En effet, qui ne voyage pas aujourd’hui ? Dans quel pays n’y a‑t‑il pas de ressortissants ou de travailleurs étrangers ? Ou les Français auraient‑ils la naïveté de croire que ces phénomènes se produisent seulement en France ? Et faudrait‑il donc que tout Français se rendant sur la Costa Brava prit des leçons de catalan, ou que tout voyageur partant ‑pour Dublin se plongeât d’abord dans l’étude du gaélique ‑ auquel il ne comprendra d’ailleurs rien jamais ‑ avant de pouvoir participer à la célébration eucharistique ? Aurait-on le don des langues que ce serait insuffisant et inopérant. Car, en vérité ‑ et c’est cela le fond du mystère ‑ tout fidèle participe au Saint Sacrifice par un langage et par des mouvements de l’esprit et du cœur qui sont « sui generis », strictement personnels. Et ce, grâce au latin ou à une autre langue hiératique (en Orient).

Nous disons bien que la langue latine fait participer en langage personnel ! Nous disons que c’est le latin qui, mystérieusement, permet à tout catholique quel qu’il soit et où qu’il se trouve dans le monde occidental, de prendre part au Saint Sacrifice dans le langage de son cœur et de son âme. Paradoxe ? C’est quand, aidées, exprimées et soulignées par les mêmes gestes du célébrant, les paroles latines sonnent à l’oreille du fidèle que se déclenche chez lui cet incomparable mécanisme de traduction spontanée d’une langue jamais apprise ! Pour « comprendre » s’il était possible le Saint Sacrifice et pour y participer réellement et avec fruit, il n’est nullement nécessaire de savoir le latin. Le plus inculte chemineau n’est point désavantagé par rapport au plus savant latiniste : il traduit’ aussi spontanément que l’autre dans son « dialecte cordial » le latin entendu et jamais appris.
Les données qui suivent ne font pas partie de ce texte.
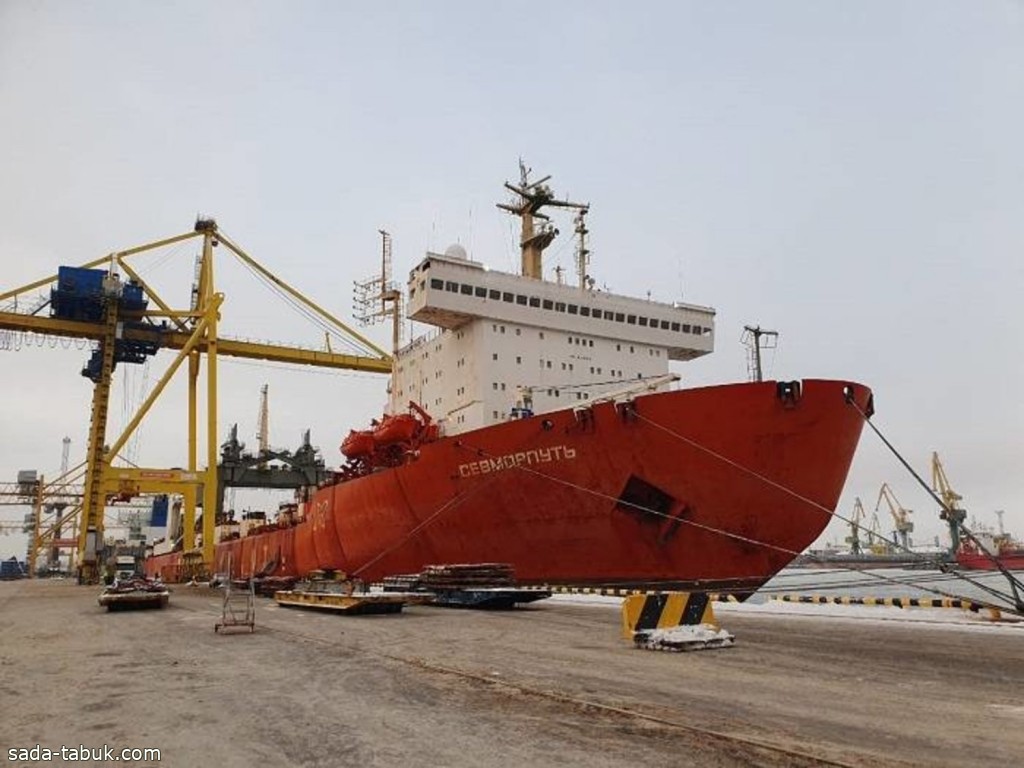 روسيا : إخماد حريق نشب في سفينة شحن تعمل بالطاقة النووية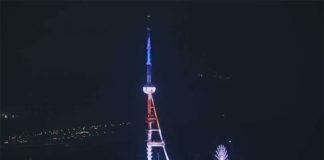 თბილისის ანძა ამერიკის დროშის ფერებში განათდა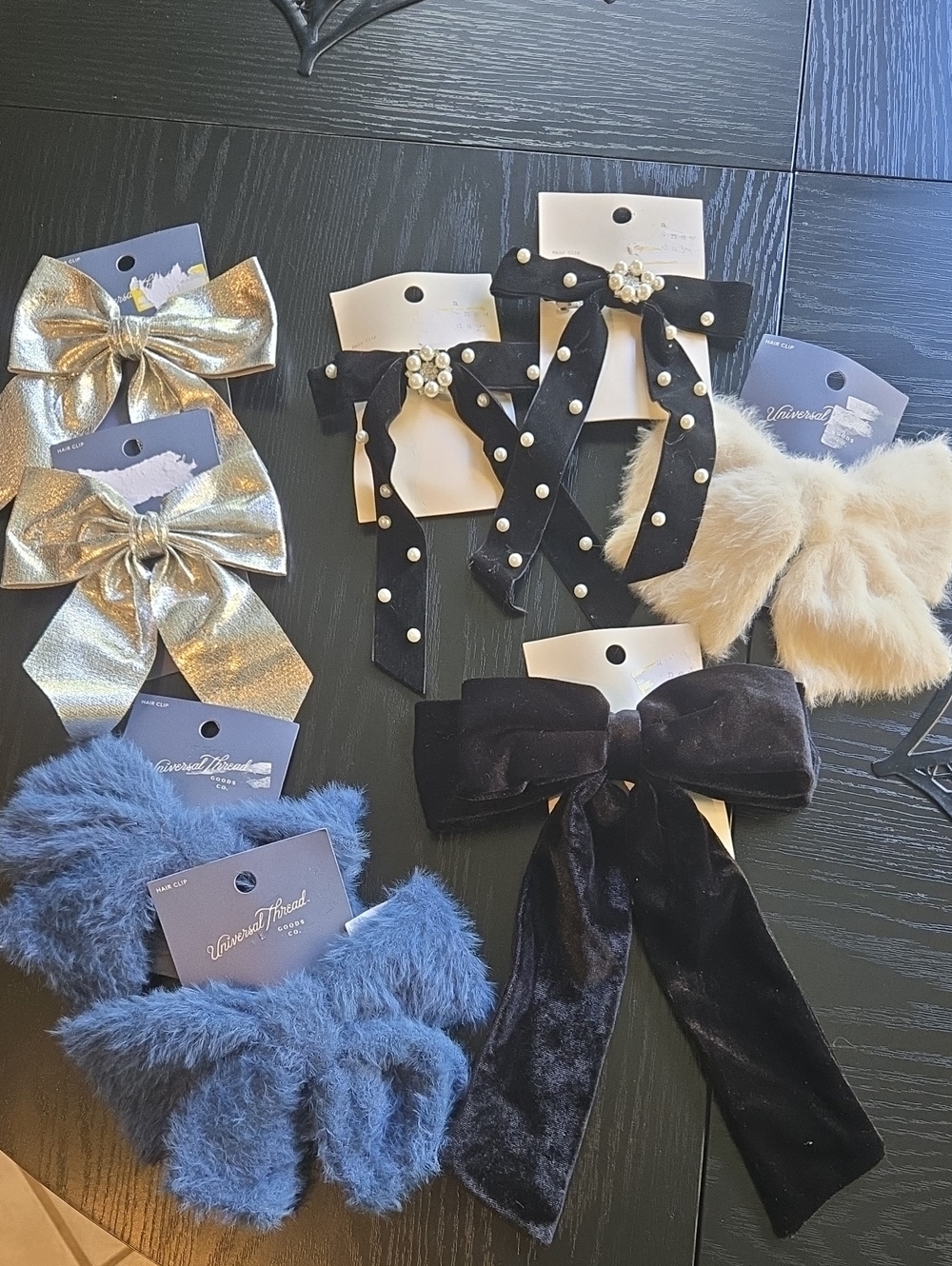 8 Hair Bows / Barrettes NEW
La langue latine est la plus universelle qui soit et la plus «vivante » parce qu’elle est continuellement traduite par un demi milliard de personnes qui l’ignorent en autant de langages personnels.
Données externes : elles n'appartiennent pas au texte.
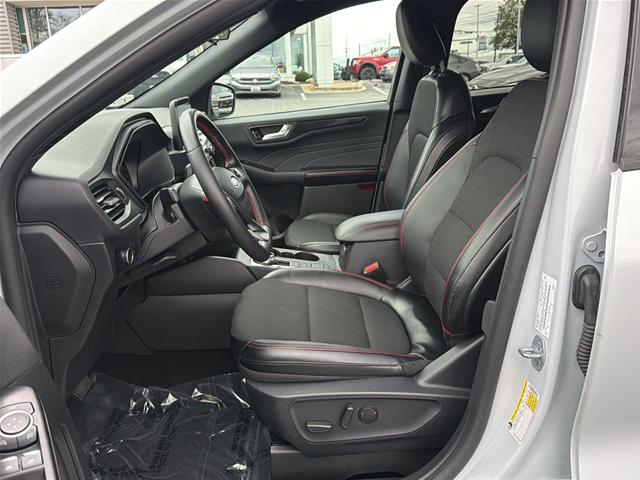 Used 2025  Ford  image 9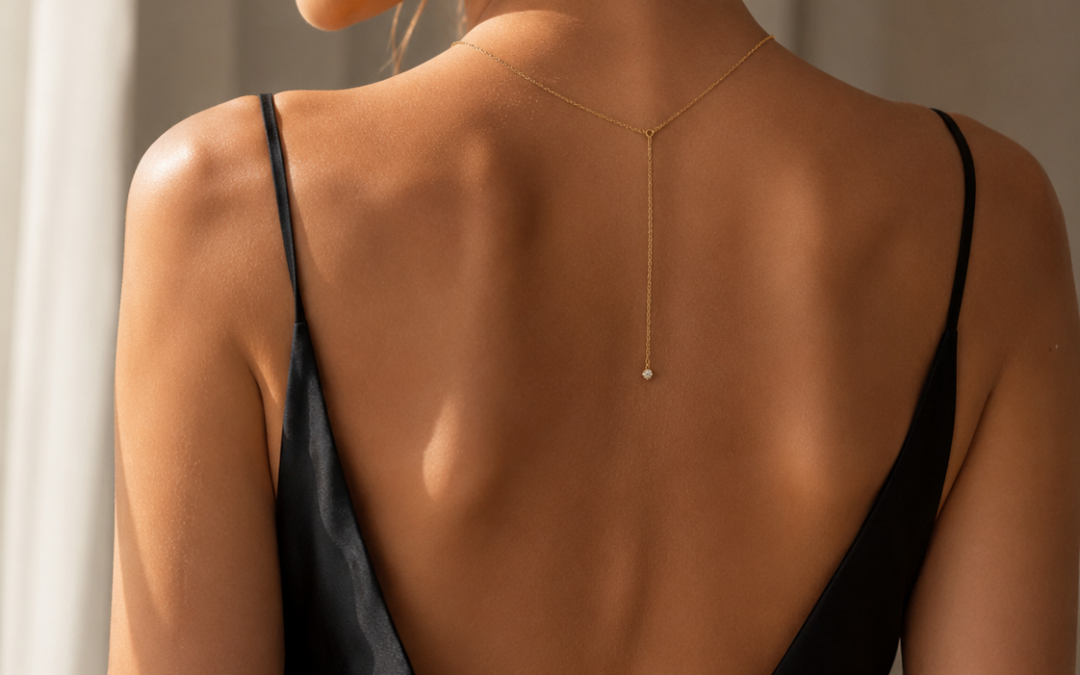 Bijoux de dos : la tendance qui surprend en 2026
Sans doute est‑il difficile et délicat de mettre à jour ce qui se passe dans les profondeurs d’une âme vivant en symbiose avec le Christ. Sans doute ce mécanisme de traduction se greffe‑t‑il sur une éducation chrétienne séculaire. Mais ici encore aucune comparaison ne saurait rendre raison d’une réalité qui s’enracine dans un domaine réservé où l’âme est seule avec le Christ et où, nul autre, ni homme ni femme, ni ange ni diable, n’a accès. Aucun sujet d’analogie ne semble pouvoir nous aider à éclairer ce mystère. La psychologie moderne ? On hésite à lui emprunter quelque image ou comparaison. Les psychologues disent bien que par la vulgarisation du lexique de la symbolisation freudienne, il se serait produit chez de nombreux gens cela même qu’il s’agissait de découvrir chez eux, c’est‑à‑dire que les formules instrumentales de constatation auraient engendré les réalités à constater, comme la lecture répétée d’un livre médical provoquerait chez le lecteur assidu la maladie dont il ne cesse de lire la description. Est‑ce de façon semblable que l’emploi séculaire du latin a produit dans l’âme chrétienne une fonction vitale d’assimilation linguistique qui, les conditions requises étant réunies, s’exercerait spontanément, sous l’effet de la grâce ? Ou bien est‑ce une sorte de miracle linguistique qui s’accomplit quotidiennement dans nos églises comme une répétition permanente de la première Pentecôte?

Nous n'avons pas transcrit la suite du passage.